Per capire perché immaginiamo che il DNA sia una corda composta da due filamenti avvolti uno sull'altro; entrambe le estremità sono tenute ferme ma una viene srotolata per un pò e aperta, <u>il DNA subisce questa tensione</u> ma non avendo la possibilità di scaricare questa energia, si vanno a formare dei **superavvolgimenti positivi** a valle dell'apertura/bolla di replicazione o trascrizione.
Questo aggrovigliamento **non** può essere risolto da solo perché il DNA è maggiormente aggrovigliato e il superavvolgimento positivo ha tendenza a separarsi spontaneamente.
Per rimuoverlo sono necessarie le #topoisomerasi.
## DNA topoisomerasi
Servono a modificare il Linkin number, rompendo e riunendo l'ossatura di uno o entrambi i filamenti di DNA.
Esistono di due classi:
1. **Topoisomerasi 1**, modificano il valore di LK di un'unità alla volta, determinano la rottura temporanea di un singolo filamento di DNA duplex, consentendo al filamento integro di passare attraverso la rottura dell'altro prima che il nick venga saldato.

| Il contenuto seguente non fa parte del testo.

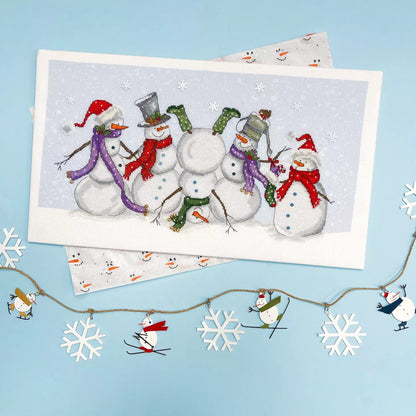 Frosty Frolics counted cross stitch kit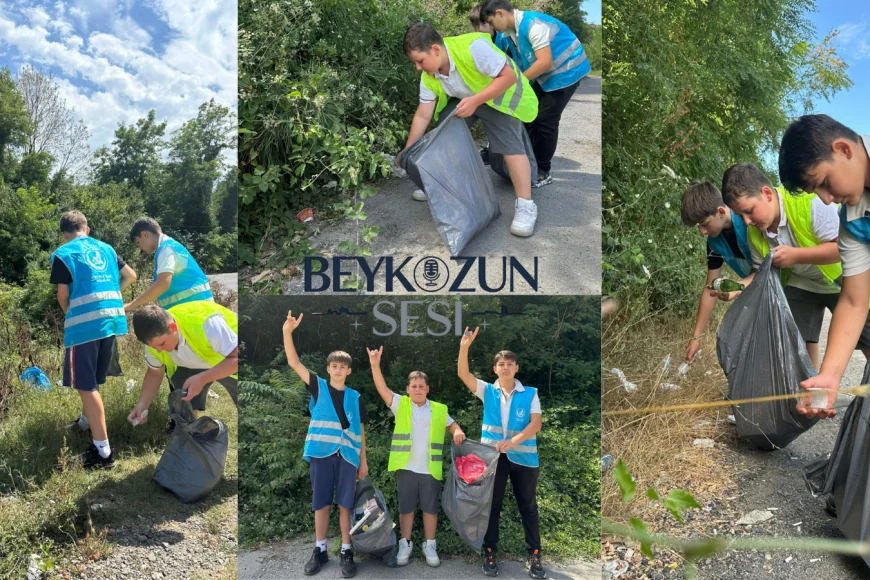 Beykoz Ülkü Ocakları'ndan çevre temizliği etkinliğiyle sosyal sorumluluk mesajı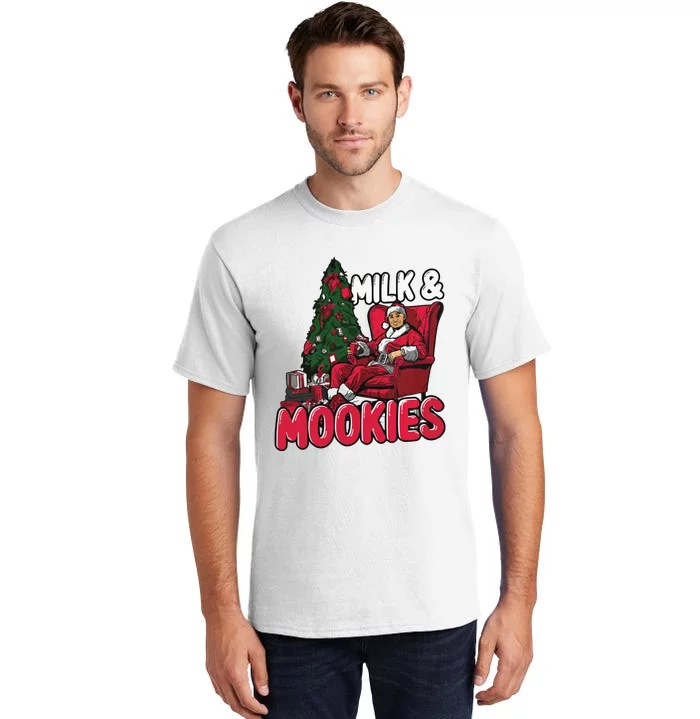 La Dodgers Milk & Mookies Christmas Tall T-Shirt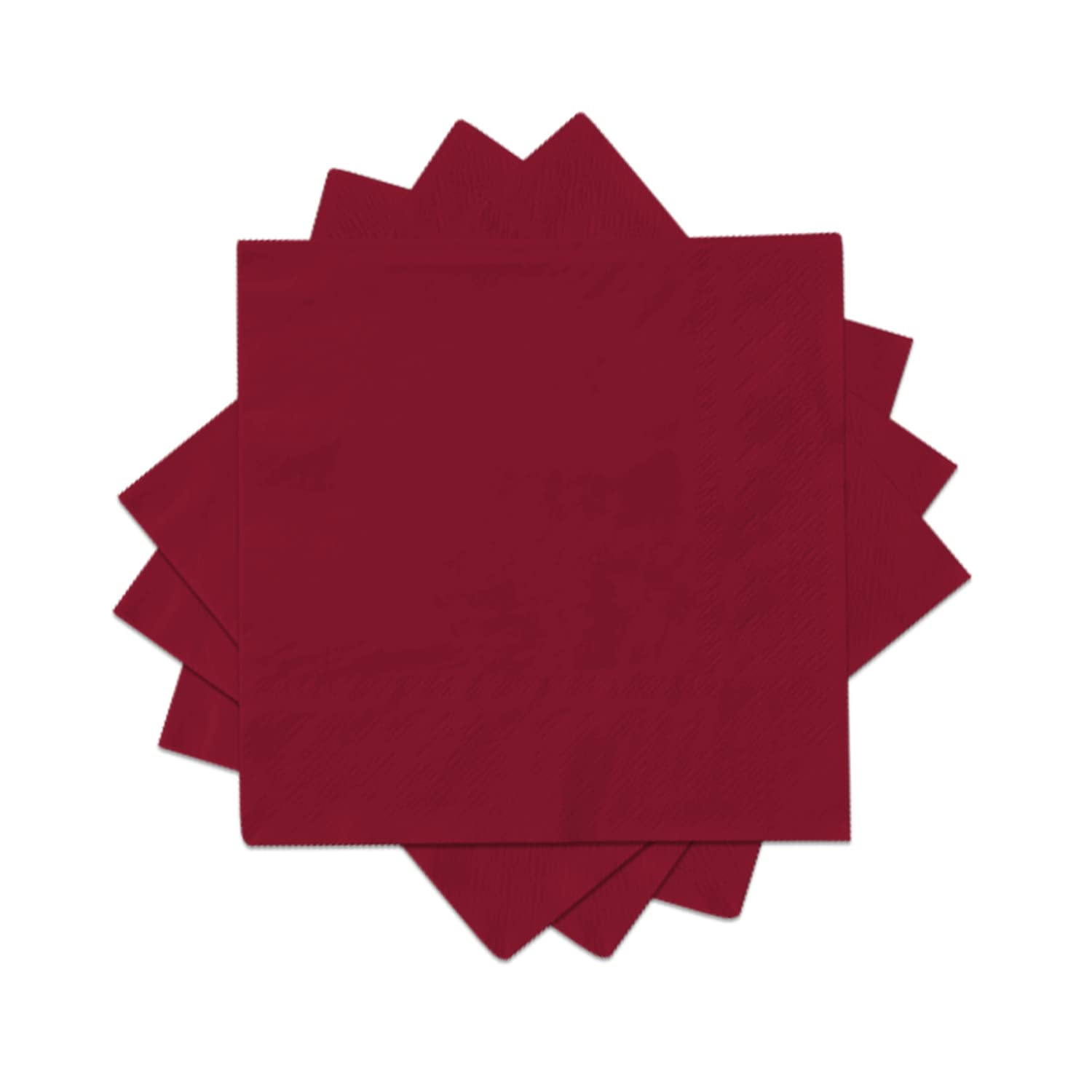 Maroon Cocktail Napkins 3-ply 80PCS Burgundy Red Beverage Napkin Disposable Paper Cocktail Napkin... | Amazon (US)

2. **Topoisomerasi 2**, modificano il valore di LK di 2 unità, determinano una rottura temporanea dei due filamenti del DNA attraverso la quale fanno passare il duplex integro, prima che il taglio venga rinsaldato; richiedono energia di idrolisi dell'ATP per consentire cambiamenti conformazionali.
### Meccanismo d'azione della topoisomerasi 1
Taglia uno dei due filamenti, rompendo un legame fosfodiesterico, fa passare poi il filamento integro attraverso la rottura/nick e, una volta passato, la rottura vien rinsaldata sempre dalla topoisomerasi.
Funziona attraverso un meccanismo detto **a ponte**, composta da diverse subunità che una volta tagliato uno dei due filamenti, vanno ad afferrare le due estremità della rottura, tenendole vicine e creando uno spazio sufficiente per far passare il filamento integro.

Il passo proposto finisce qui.